But in one of those eerie twists of fate, before a meeting between Gilmore and Smith at which the police planned to pick him up for questioning, Smith—an alcoholic and heavy smoker—passed out in his bed at the Holland Hotel and set the room on fire. He was burned to death in the flames, which apparently also consumed any photos or personal effects of Short’s he had shown Gilmore.

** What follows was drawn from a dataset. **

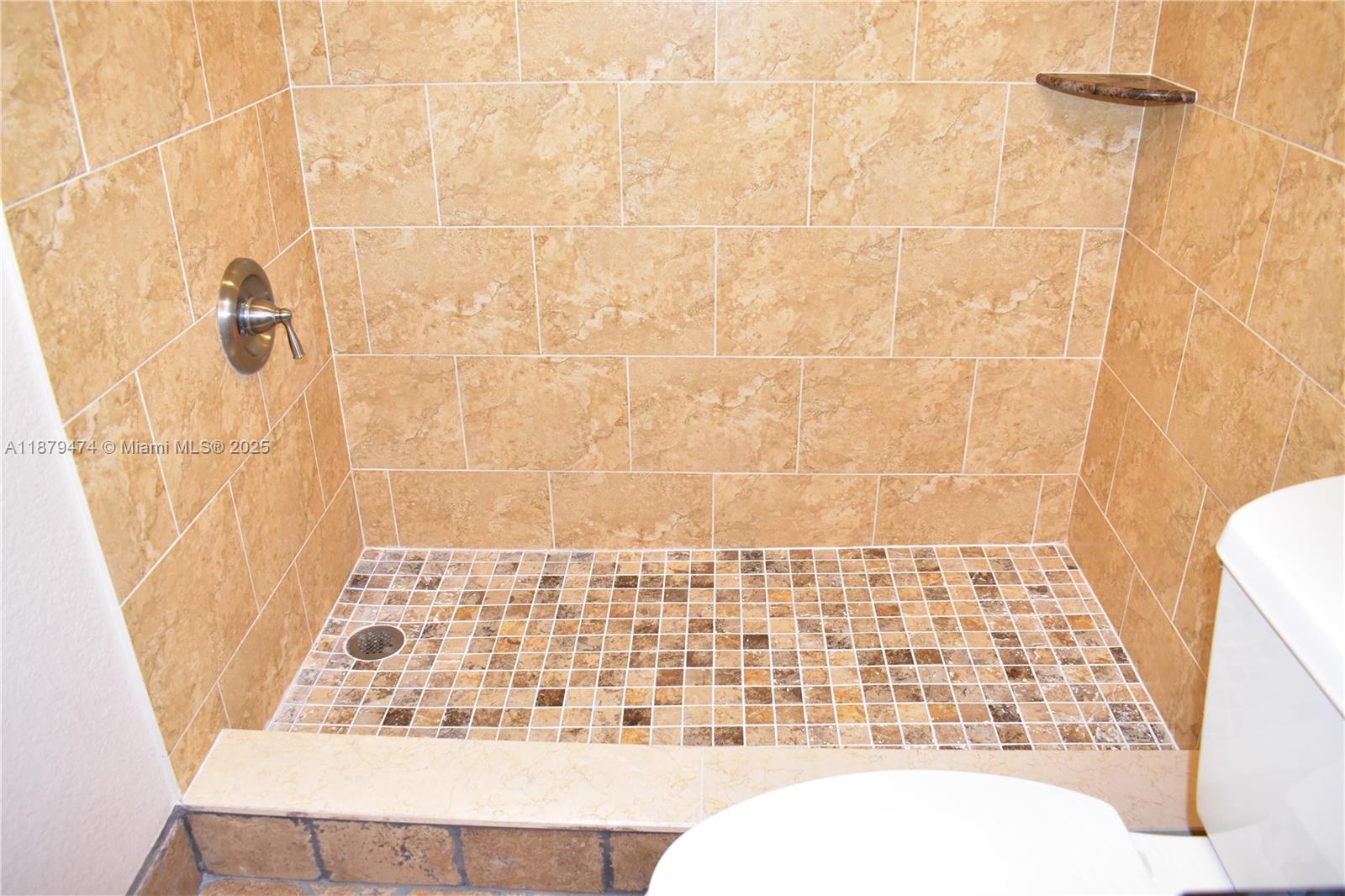 SUNRISE LAKES 131 CONDO - Residential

In another book on the case,
Daddy Was the Black Dahlia Killer
, written with the respected crime writer Michael Newton, Janice Knowlton offers another theory. Knowlton claims that her late father, George Knowlton, was a child molester, serial killer of at least three, a baby-killer, satanist and necrophiliac—and Beth Short’s murderer. Her understanding of the connection to the Dahlia case, she claims, emerged when deeply repressed memories surfaced while recovering from a hysterectomy. According to Janice Knowlton, Short called George from the Biltmore. In Janice’s memory, after beating Short to death with a hammer, George Knowlton used a power saw to cut Short in two, then forced his daughter to accompany him as he took the body to dump it in the ocean at Seal Beach. When it floated back, he washed and gutted it, took it to a cemetery, then changed his mind and dumped it in the vacant lot.

In a
Los Angeles Times
story that ran two days after the murder, sources recalled Short saying she was engaged to an army pilot named George. At the end of January, someone named George visited a cafe on Santa Monica Boulevard several times, identified himself as an
FBI
agent but refused to show credentials, and asserted that he knew who killed Short. Knowlton believes from the description that this was her father. Newton concedes there is no proof of what she claims, but cites many coincidences in her father’s life and the known facts of the Dahlia case. He also demonstrates striking similarities between the case and the unsolved murder of Frances Cochran in Lynn, Massachusetts, in July, 1941.

In an
Orange County Register
article in June 1991, John St. John declared, “The facts as she presents them to me are not compatible with the murder of the Black Dahlia.” It remains unsolved to this date.

Other case devotees have claimed that the
LAPD
knew the identity of the Dahlia’s killer, but covered it up to protect influential people. (Some of these sources claim the same thing about the death of Marilyn Monroe.)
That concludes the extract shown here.